Prediction of Drug–Target Interactions From Multi-Molecular Network Based on Deep Walk Embedding Model

Predicting drug–target interactions (DTIs) is crucial in innovative drug discovery, drug repositioning and other fields. However, there are many shortcomings for predicting DTIs using traditional biological experimental methods, such as the high-cost, time-consumption, low efficiency, and so on, which make these methods difficult to widely apply. As a supplement, the in silico method can provide helpful information for predictions of DTIs in a timely manner. In this work, a deep walk embedding method is developed for predicting DTIs from a multi-molecular network.
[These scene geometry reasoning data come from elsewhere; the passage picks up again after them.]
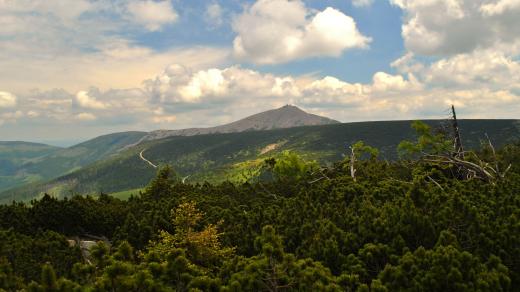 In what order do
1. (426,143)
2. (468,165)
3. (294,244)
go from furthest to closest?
1. (426,143)
2. (468,165)
3. (294,244)

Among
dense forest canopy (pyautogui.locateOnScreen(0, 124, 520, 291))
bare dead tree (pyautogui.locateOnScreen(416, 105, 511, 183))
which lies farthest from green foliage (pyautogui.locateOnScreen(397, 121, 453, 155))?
dense forest canopy (pyautogui.locateOnScreen(0, 124, 520, 291))

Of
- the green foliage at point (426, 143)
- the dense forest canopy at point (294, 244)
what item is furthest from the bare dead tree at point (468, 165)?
the green foliage at point (426, 143)

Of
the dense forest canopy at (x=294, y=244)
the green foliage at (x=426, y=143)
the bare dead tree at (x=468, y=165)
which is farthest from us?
the green foliage at (x=426, y=143)

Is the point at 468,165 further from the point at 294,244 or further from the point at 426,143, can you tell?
the point at 294,244

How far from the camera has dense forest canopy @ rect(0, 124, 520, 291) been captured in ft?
64.4

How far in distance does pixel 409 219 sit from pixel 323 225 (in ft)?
18.9

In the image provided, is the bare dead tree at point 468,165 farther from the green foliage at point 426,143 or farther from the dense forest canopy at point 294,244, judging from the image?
the green foliage at point 426,143

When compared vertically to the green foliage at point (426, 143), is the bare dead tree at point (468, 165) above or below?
below

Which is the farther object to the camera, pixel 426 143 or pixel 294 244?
pixel 426 143

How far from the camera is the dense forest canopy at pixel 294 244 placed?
19625 millimetres

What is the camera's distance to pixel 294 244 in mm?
33031

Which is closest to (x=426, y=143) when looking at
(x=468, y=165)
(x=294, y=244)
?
(x=468, y=165)

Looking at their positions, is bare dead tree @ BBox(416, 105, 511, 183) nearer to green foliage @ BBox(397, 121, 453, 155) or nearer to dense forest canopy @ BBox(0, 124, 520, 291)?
dense forest canopy @ BBox(0, 124, 520, 291)

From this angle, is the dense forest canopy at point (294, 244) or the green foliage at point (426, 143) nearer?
the dense forest canopy at point (294, 244)
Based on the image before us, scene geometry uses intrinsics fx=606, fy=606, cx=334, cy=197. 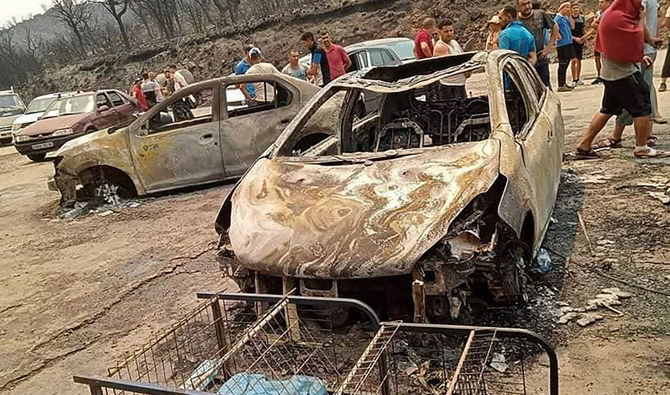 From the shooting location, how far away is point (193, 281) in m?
5.15

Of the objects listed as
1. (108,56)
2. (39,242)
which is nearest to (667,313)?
(39,242)

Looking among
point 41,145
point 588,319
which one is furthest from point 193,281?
point 41,145

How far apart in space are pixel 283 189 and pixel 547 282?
1900 mm

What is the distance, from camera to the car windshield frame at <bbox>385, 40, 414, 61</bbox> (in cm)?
1217

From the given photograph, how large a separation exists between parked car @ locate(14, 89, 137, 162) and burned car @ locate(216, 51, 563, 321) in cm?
1063

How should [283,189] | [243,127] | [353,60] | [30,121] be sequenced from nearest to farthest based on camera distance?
[283,189] → [243,127] → [353,60] → [30,121]

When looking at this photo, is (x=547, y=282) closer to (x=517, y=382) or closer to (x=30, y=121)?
(x=517, y=382)

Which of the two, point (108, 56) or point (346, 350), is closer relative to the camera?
point (346, 350)

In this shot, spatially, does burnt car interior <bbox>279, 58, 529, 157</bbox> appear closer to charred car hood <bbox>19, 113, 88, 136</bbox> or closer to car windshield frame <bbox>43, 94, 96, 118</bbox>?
charred car hood <bbox>19, 113, 88, 136</bbox>

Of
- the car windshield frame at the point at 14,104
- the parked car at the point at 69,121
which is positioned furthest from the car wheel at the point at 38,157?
the car windshield frame at the point at 14,104

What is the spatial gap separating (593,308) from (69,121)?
13378mm

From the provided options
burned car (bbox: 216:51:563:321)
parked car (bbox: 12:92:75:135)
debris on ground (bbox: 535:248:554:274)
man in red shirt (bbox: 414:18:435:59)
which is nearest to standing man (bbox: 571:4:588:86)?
man in red shirt (bbox: 414:18:435:59)

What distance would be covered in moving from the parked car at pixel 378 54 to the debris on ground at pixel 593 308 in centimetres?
787

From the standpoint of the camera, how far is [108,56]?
41625 mm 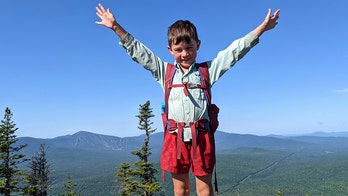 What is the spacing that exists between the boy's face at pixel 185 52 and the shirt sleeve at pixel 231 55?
0.98 feet

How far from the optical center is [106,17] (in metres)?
4.04

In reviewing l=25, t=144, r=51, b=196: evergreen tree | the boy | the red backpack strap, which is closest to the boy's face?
the boy

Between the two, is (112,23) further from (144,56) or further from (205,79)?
(205,79)

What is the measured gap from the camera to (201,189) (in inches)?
153

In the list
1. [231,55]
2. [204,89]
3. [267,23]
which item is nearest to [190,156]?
[204,89]

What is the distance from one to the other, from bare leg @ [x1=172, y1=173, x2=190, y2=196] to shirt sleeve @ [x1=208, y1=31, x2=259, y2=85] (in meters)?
1.23

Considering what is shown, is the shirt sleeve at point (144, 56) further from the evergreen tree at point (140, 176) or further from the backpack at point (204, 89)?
the evergreen tree at point (140, 176)

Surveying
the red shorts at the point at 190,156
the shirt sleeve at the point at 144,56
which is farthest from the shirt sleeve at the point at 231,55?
the red shorts at the point at 190,156

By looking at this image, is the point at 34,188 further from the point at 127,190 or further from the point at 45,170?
the point at 127,190

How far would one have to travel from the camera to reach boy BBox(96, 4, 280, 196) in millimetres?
3734

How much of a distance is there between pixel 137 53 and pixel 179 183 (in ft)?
5.59

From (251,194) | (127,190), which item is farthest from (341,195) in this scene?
(127,190)

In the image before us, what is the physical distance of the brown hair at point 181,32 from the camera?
3.76 metres

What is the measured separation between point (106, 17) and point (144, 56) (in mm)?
686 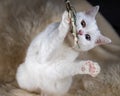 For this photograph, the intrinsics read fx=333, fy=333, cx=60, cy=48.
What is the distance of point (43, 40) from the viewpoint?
767 millimetres

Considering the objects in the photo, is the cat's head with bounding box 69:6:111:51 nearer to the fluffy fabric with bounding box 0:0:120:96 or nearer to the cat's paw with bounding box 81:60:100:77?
the cat's paw with bounding box 81:60:100:77

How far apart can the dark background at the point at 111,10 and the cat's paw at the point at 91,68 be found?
0.38m

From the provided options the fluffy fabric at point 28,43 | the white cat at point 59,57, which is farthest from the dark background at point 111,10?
the white cat at point 59,57

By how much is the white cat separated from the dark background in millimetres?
332

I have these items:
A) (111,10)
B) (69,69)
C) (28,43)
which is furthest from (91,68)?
(111,10)

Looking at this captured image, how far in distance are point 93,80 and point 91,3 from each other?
0.27 m

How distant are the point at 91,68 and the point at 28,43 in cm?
30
More specifically, a multi-molecular network, also called molecular associations network, is constructed by integrating the associations among drug, protein, disease, lncRNA, and miRNA. Then, each node can be represented as a behavior feature vector by using a deep walk embedding method. Finally, we compared behavior features with traditional attribute features on an integrated dataset by using various classifiers. The experimental results revealed that the behavior feature could be performed better on different classifiers, especially on the random forest classifier. It is also demonstrated that the use of behavior information is very helpful for addressing the problem of sequences containing both self-interacting and non-interacting pairs of proteins. This work is not only extremely suitable for predicting DTIs, but also provides a new perspective for the prediction of other biomolecules’ associations.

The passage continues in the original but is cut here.